The Harvard Students Against Sweatshops (HSAS), a campaign of the Progressive Students Labor Movement, believes Harvard made a serious mistake when it signed with the attractively misnamed Fair Labor Association (FLA) rather than the Workers' Rights Consortium (WRC). The WRC is a third-party industry monitoring group with no ties to the industries it investigates while the FLA's governing board is dominated by these industries. Harvard's decision to sign with the FLA suggests that, while Harvard has formally committed in principle to fight sweatshop production of apparel and other insignia goods, it has not yet effectively embraced this commitment.
These monitoring groups should inspect factories producing Harvard goods and apparel to make sure they do not operate under sweatshop conditions. In fact, these monitoring groups are critical to Harvard's commitment to fair labor practices because they not only help discover factories that violate its code of conduct, but they also determine when factories have reformed their practices to follow the code of conduct. It is understood that workers need their jobs so the purpose has always been to reform violating factories through negotiations or sanctions rather than closing them down or ending their contracts.

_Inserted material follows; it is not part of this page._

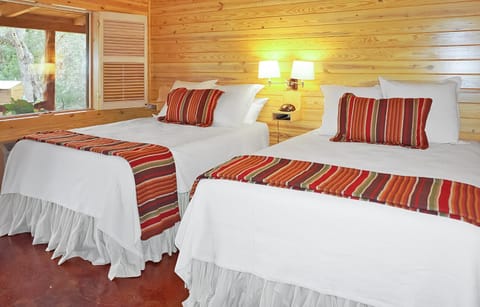 Wimberley Log Cabins Resort and Suites- Unit 7 Cabin in Wimberley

It is not difficult to see that full and accurate information gathering by monitoring groups is of the utmost importance.

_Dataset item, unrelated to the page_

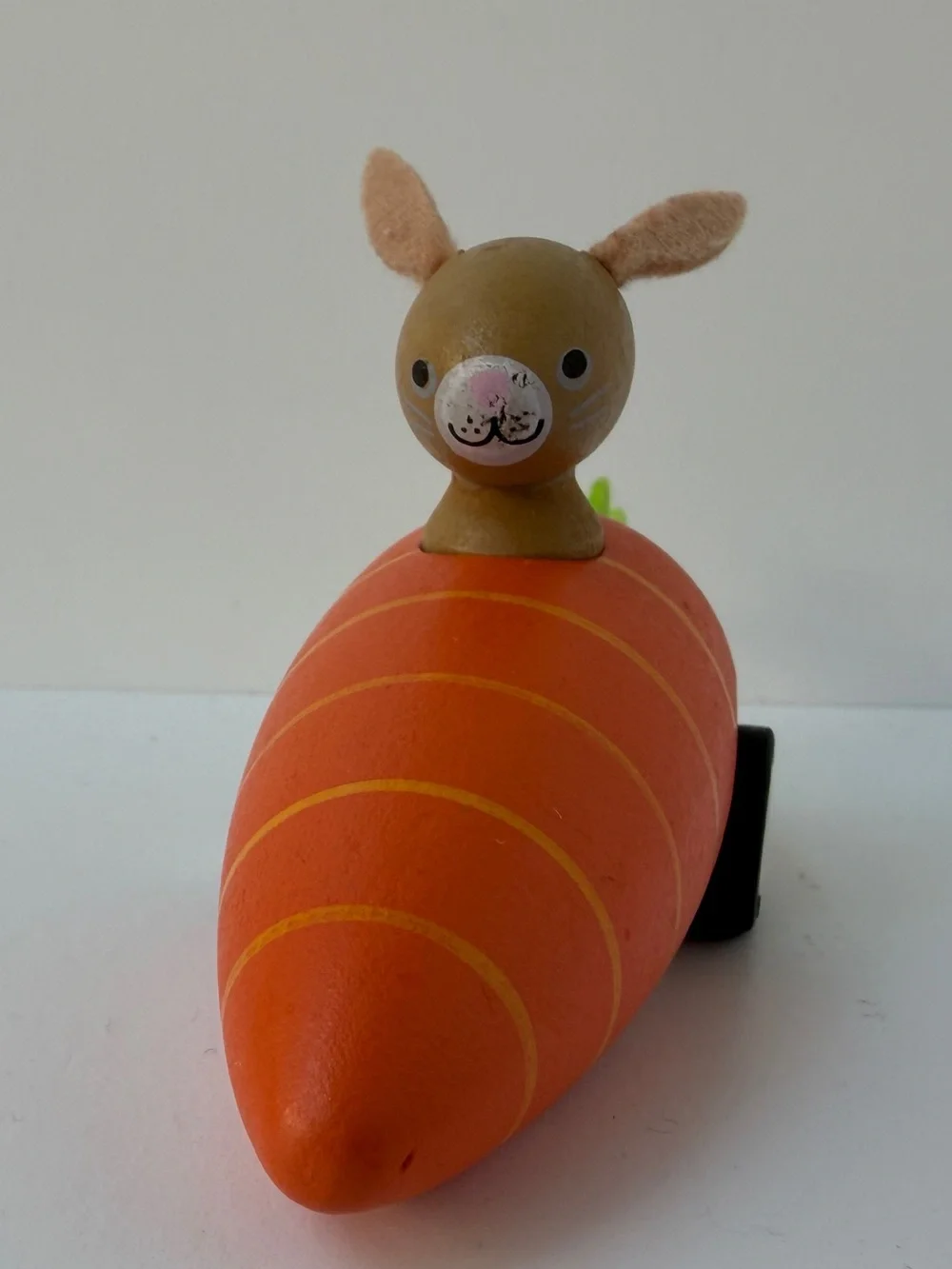 Wooden Toy Bunny Wind-up Carrot Car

In light of this, the WRC's virtues are clear. Its advisory board has strong ties with local community groups and garment unions in countries where inspections take place. It also has connections with groups who already do independent monitoring in those regions. The WRC also has good inspection policies in that it will make unannounced visits to factories and will use its community connections to speak to workers outside of the factory environment. The list of violations it inspects for is also close to Harvard's own; the information it publishes will be useful to the administration. All in all, the WRC is likely to collect and disseminate as full and accurate information as possible about the factories. Moreover, the WRC's governing board is split between selected representatives from its advisory board and university representatives, who have been chosen by universities working with the WRC.

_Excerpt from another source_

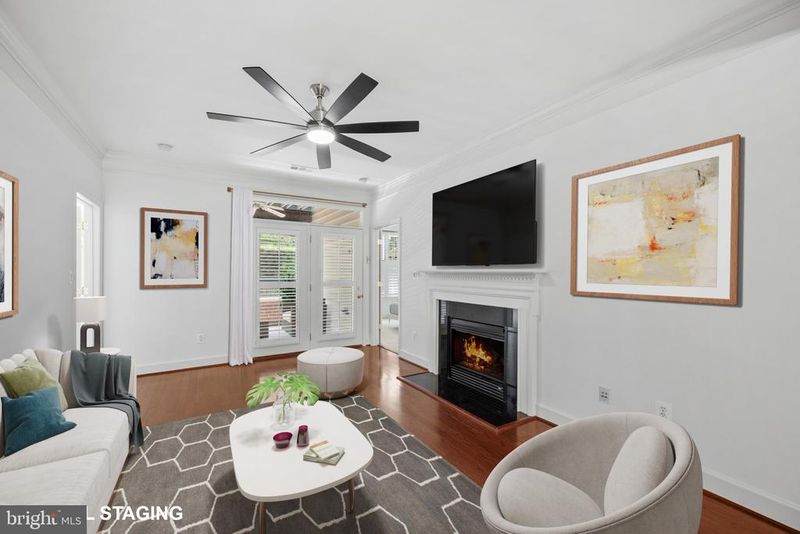 7065 Heritage Hunt Dr #108, Gainesville, VA 20155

On the other hand, business and industry organizes and continues to run the FLA. Indeed, it recently announced that it intends to hire Price Waterhouse Coopers, a business services corporation with ties to most major garment manufacturers, to do its field-work. The FLA also has bad inspection policies. It does not require the results of site visits be made public, it announces where and when it will inspect factories, it allows companies to select monitors and list which factories should be monitored and it deals with third party complaints in a convoluted way. The FLA leaves such matters in the hands of the Executive Director, without any accountability measures. Moreover, FLA does not inspect all of the possible violations, including certain health and safety regulations and women's rights issues. In addition, the FLA structured its Board of Directors so that industry and business have a majority of the votes and can control its policy changes. The university can wield very little, if any, influence in the FLA. The FLA has yet to inspect a single factory.
Clearly, the administration should switch from the FLA to the WRC. Pure logic sides with the WRC, and it costs Harvard next to nothing to switch. But why hasn't Harvard done as many universities recently have and made the change? The WRC has set April 1 as its cut-off date for universities to particpate in the first round of agenda-setting and decision-making.
Last year, a Crimson poll showed that two-thirds of the students supported the HSAS's efforts, and just a few weeks ago, the Undergraduate Council passed a resolution recommending the administration switch from the FLA to the WRC by a huge majority. Clearly, as has been suggested in the past, the HSAS does not represent just a small fraction of students. The students deserve to be not only heard, but to have a vote when it comes to making sweatshop policy decisions. More to the point, Harvard should switch from the FLA to the WRC.
Alexander H. Gourevitch '00 is a social studies concentrator in Cabot House. He is a member of Harvard Students Against Sweatshops.